Я поверил ей, я видел, что она говорит правду, и ничего-то мне больше не нужно было, раз она думает только обо мне. Я нагнал ее.

— Спасибо тебе, Эдварда, — сказал я. Сердце мое было переполнено, и я прибавил: — Ты слишком хороша для меня, но спасибо тебе за то, что ты меня не гонишь, бог наградит тебя, Эдварда. Я сам не знаю, что ты во мне нашла, есть ведь столько других, куда достойней. Но зато я совсем твой, весь, каждой жилкой и со всей своей бессмертной душою. О чем ты? У тебя на глазах слезы.

— Нет, нет, ничего, — ответила она. — Ты говоришь так непонятно… что бог наградит меня. Ты так говоришь, будто… Как я тебя люблю!

Она бросилась мне на шею тут же посреди дороги и крепко меня поцеловала.

Когда она ушла, я свернул в сторону и бросился в лес, чтоб побыть один на один со своей радостью. Потом я встревожился, побежал обратно к дороге — посмотреть, не видел ли меня кто. Но там никого не было.

13

Летние ночи, и тихая вода, и нерушимая тишь леса. Ни вскрика, ни шагов на дороге, сердце мое словно полно темным вином.

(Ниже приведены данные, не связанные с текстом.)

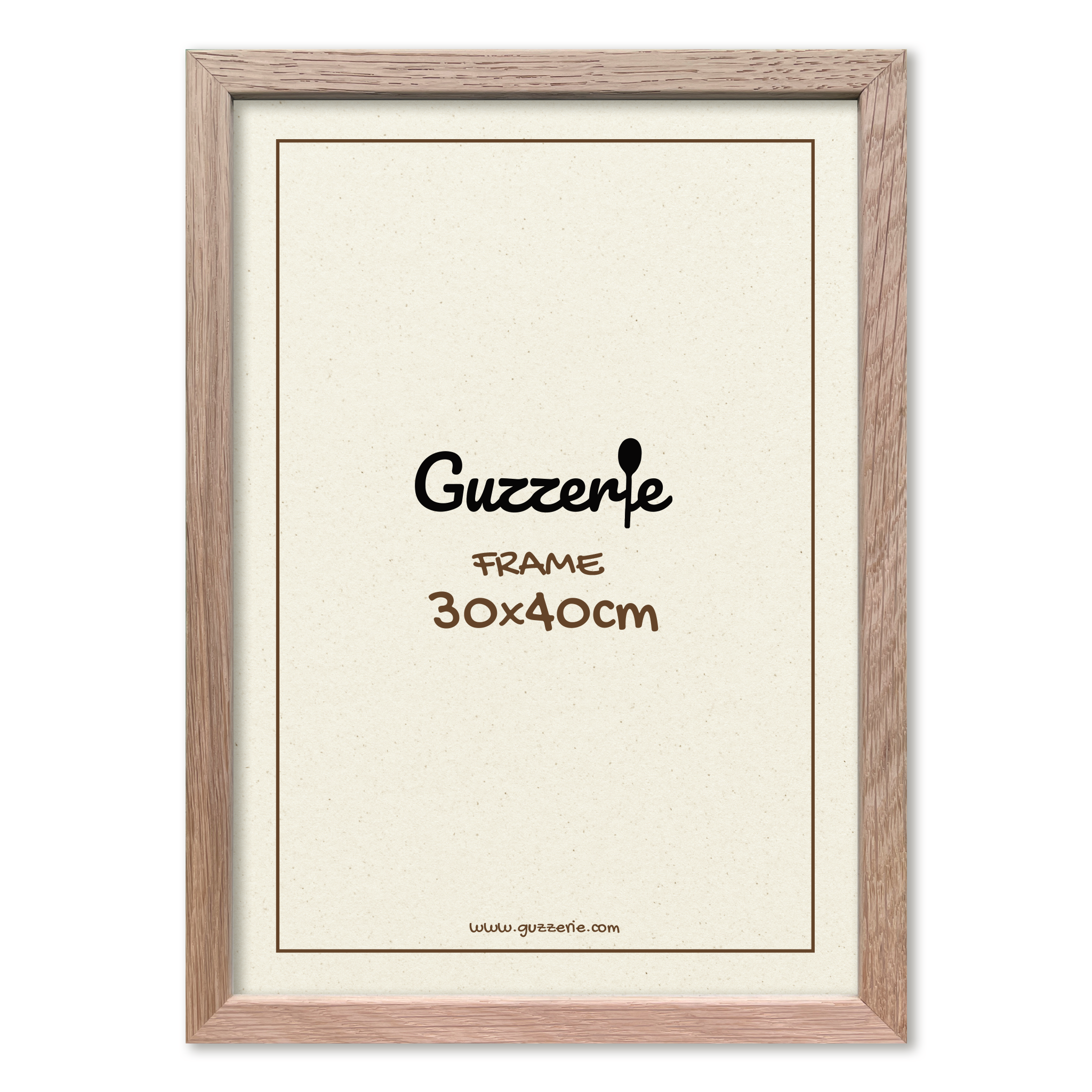 Oak Wooden Frame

Мотыльки и мошкара неслышно залетают ко мне в окно, соблазнясь огнем в очаге и запахом жареной птицы. Они глухо стукаются о потолок, жужжат у меня над ухом, так что по коже бегут мурашки, и усаживаются на мою белую пороховницу. Я разглядываю их, они трепыхают крылышками и смотрят на меня — мотыльки, древоточицы и шелкопряды. Иные похожи на летающие фиалки.

Я выхожу из сторожки и прислушиваюсь. Ничего, ни звука, все спит. Все светлым-светло от насекомых, мириады шуршащих крыльев. Дальше, на опушке собрались папоротники, и борец, и боярышник, я так люблю его мелкий цвет. Слава тебе, господи, за каждый кусточек вереска, который ты дал мне увидеть; они словно крошечные розы на обочине, и я плачу от любви к ним. Где-то близко лесная гвоздика, я не вижу ее, я узнаю ее по запаху.

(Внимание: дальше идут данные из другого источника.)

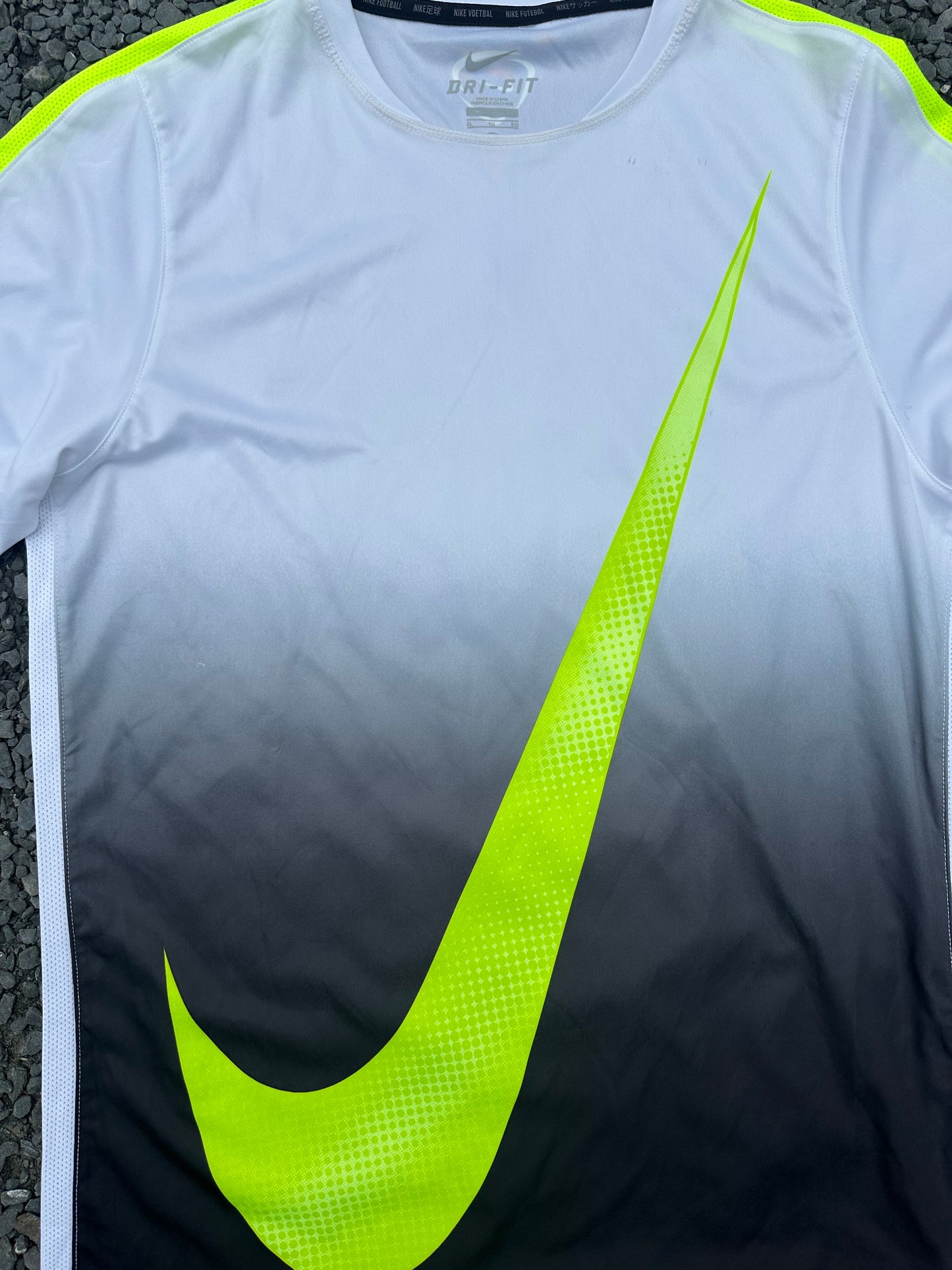 Nike Neon Dri-Fit T-Shirt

А ночью вдруг распускаются большие белые цветы, венчики их открыты, они дышат. И мохнатые сумеречницы садятся на них, и они дрожат. Я хожу от цветка к цветку, они словно пьяные, цветы пьяны любовью, и я вижу, как они хмелеют.

Легкий шаг, человечье дыханье, веселое «здравствуй».

Я отвечаю, и бросаюсь в дорожную пыль, и обнимаю эти колени и простенькую юбку.

— Здравствуй, Эдварда! — говорю я снова, изнемогая от счастья.

— Как ты меня любишь! — шепчет она.

— Не знаю, как и благодарить тебя! — отвечаю я. — Ты моя, и я весь день не нарадуюсь, и сердце мое не натешится, я все думаю о тебе. Ты самая прекрасная девушка на этой земле, и я тебя целовал. Я, бывает, только подумаю, что я тебя целовал, и даже краснею от радости.

— Но почему ты сегодня так особенно любишь меня? — спрашивает она.

По тысяче, по тысяче причин, и мне достаточно одной только мысли о ней, одной только мысли. Этот ее взгляд из-под бровей, выгнутых высокими дугами, и эта темная, милая кожа!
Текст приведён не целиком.